Multi-instance multi-label image classification: A neural approach
Introduction
With the prevalence of digital imaging devices such as digital cameras and mobile phones, a huge volume of images are produced every day, as a result of which image classification becomes increasingly important. Traditional image classification approaches classify an image to only one class, which may be impractical since in real applications an image could be associated with multiple labels. Furthermore, those traditional approaches usually treat an image as an instance and represent the image using global features only. The issue is that global features cannot well characterize the image contents, in particular when the images are composed of complex objects [1], [2]. In view of this, many multi-instance learning (MIL) [3], [4], [5] and multi-label learning (MLL) [6], [7], [8] algorithms are proposed to tackle image classification tasks.

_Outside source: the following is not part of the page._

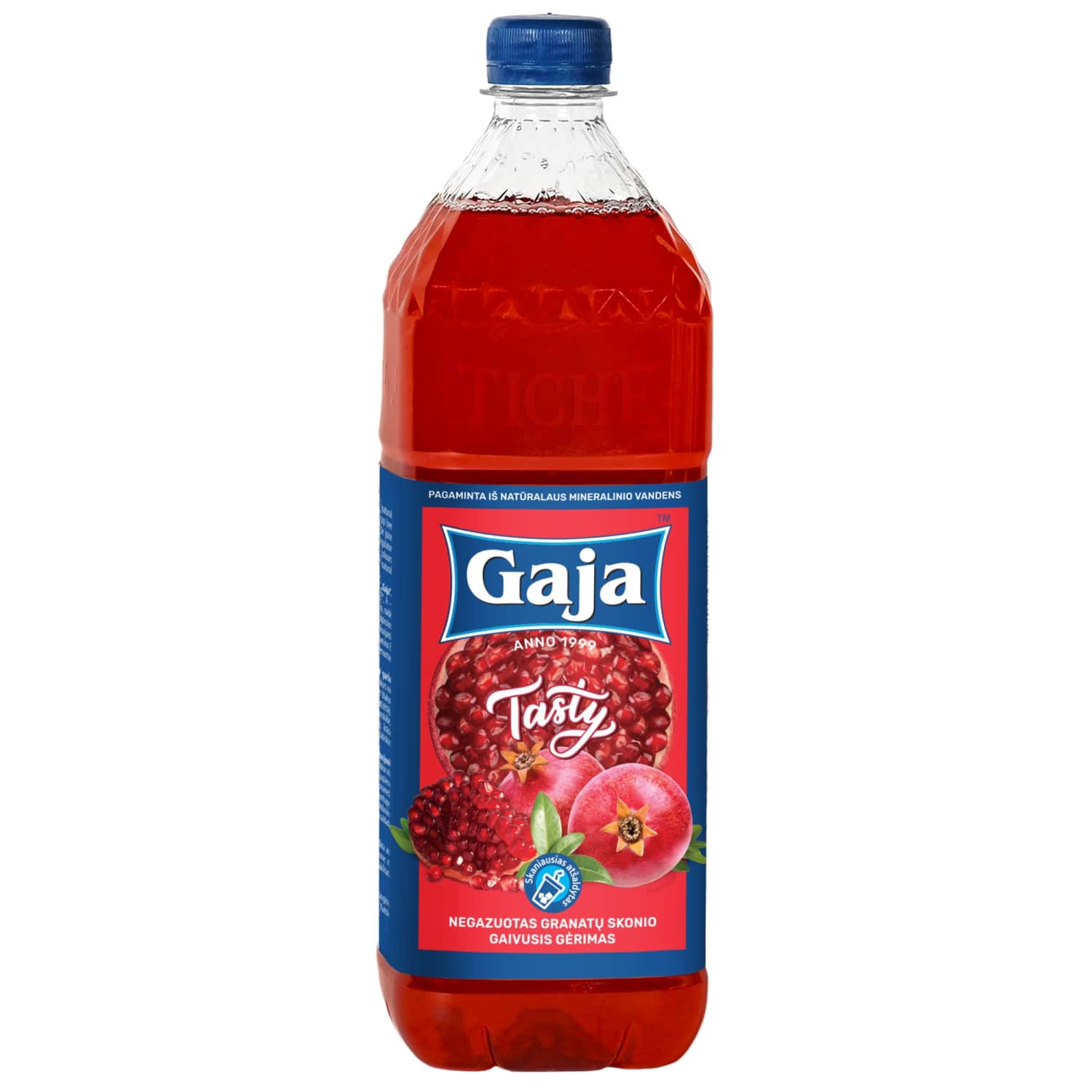 Negaz. granatų sk. gaivusis gėrimas GAJA, 1 l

In MIL, an image is a bag of instances, with each instance representing an image region. As informative regional features are utilized, this approach characterizes images with complex contents quite well. However, MIL targets at binary classification. It assigns an image with one label only. By contrast, MLL deals with multi-label tasks, and it is able to associate an image with multiple labels. But MLL regards an image as a single instance. The regional features are not employed. The issue is that the labels of an image usually relate to different regions. The use of global features is not powerful to discriminate the image labels. Therefore, some researchers have developed multi-instance multi-label learning (MIMLL) based on MIL and/or MLL for multi-label image classification [9], [10], [11].
For MIMLL image classification, each image is composed of a bag of regions and associated with multiple labels. In the learning phase, the relationship between the image regions and labels is unknown. The aim of learning is to figure out the relationship between the regions and labels from the training images, and then the learned relationship can be used to classify unlabeled images. Zhou et al. [9] proposed MIMLBoost and MIMLSVM for multi-instance multi-label scene classification. MIMLBoost transforms a MIML learning task into MIL problem and solve the MIL problem by using MIBoost [12], while MIMLSVM transforms a MIML learning task into MLL problem and tackle the MLL problem by adopting MLSVM [6]. The disadvantage of MIMLBoost and MIMLSVM is that both of them do not take label correlation into account.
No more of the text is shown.